[MATERIAL PROVIDED]
[Start of section]

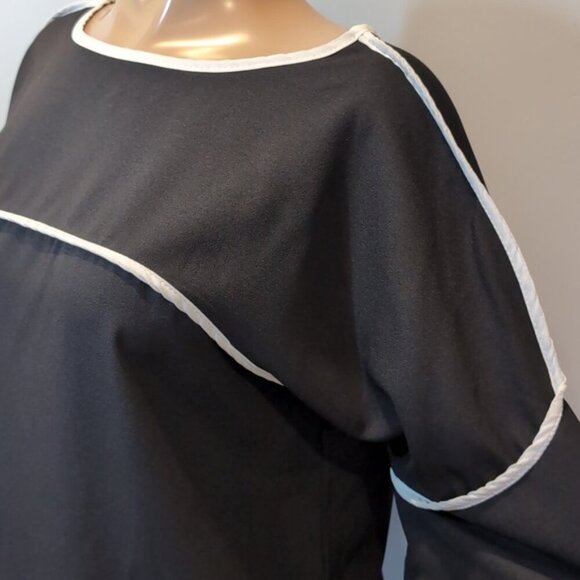 3/$20 Mimi Fashion Japan Bell Sleeve Top Contrast Trim Blouse *Fits Smaller* - Picture 5 of 11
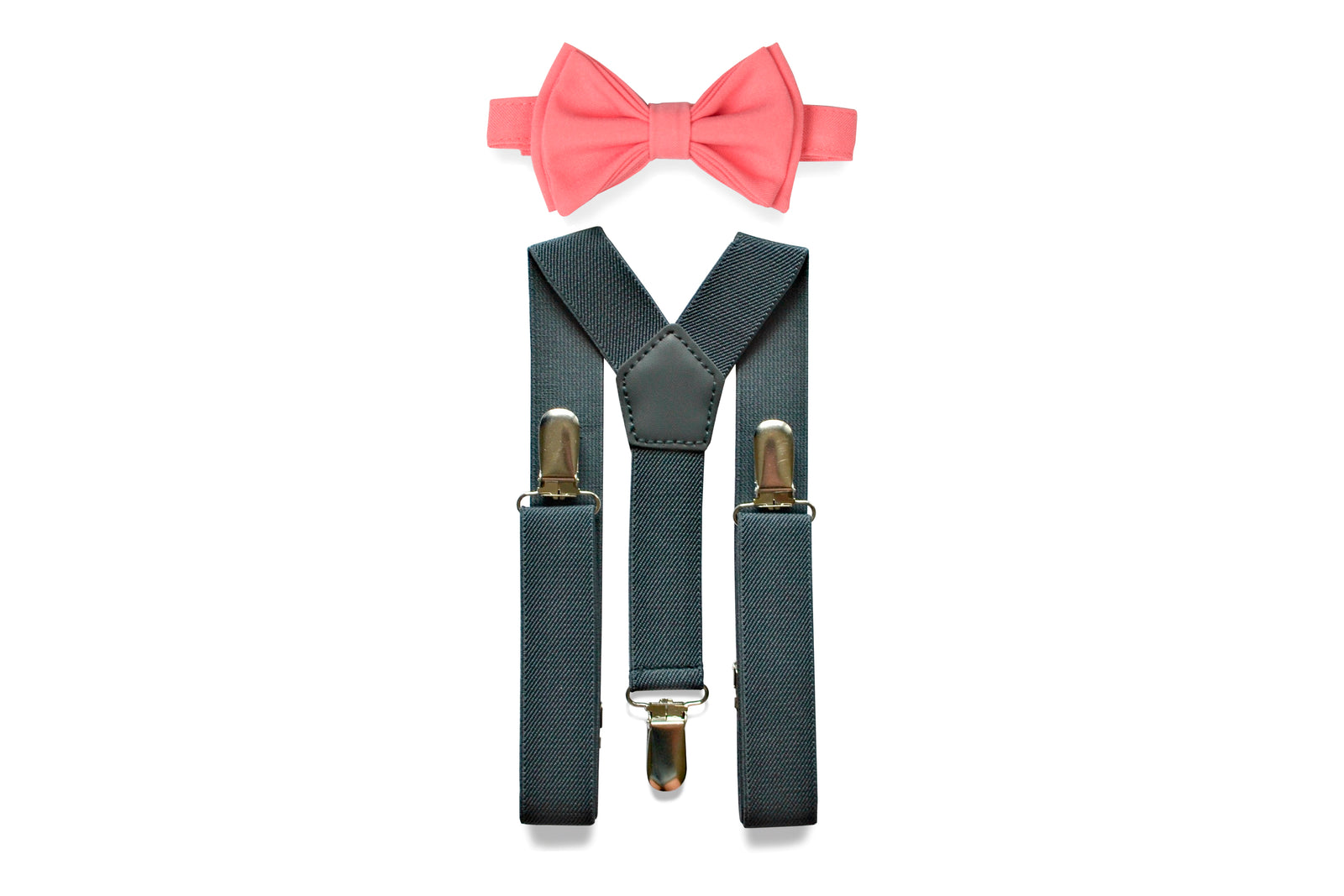 Charcoal Gray Suspenders & Coral Bow Tie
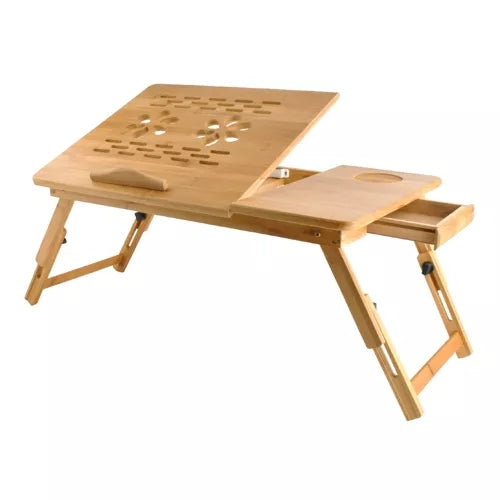 Laptopställ i Bambu - Justerbar Höjd & Vinkel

[End of section]

[TASK TO CARRY OUT] Set down each line of the material exactly and skip every image.

[EXERCISE RESPONSE]
 3/$20 Mimi Fashion Japan Bell Sleeve Top Contrast Trim Blouse *Fits Smaller* - Picture 5 of 11
 Charcoal Gray Suspenders & Coral Bow Tie
 Laptopställ i Bambu - Justerbar Höjd & Vinkel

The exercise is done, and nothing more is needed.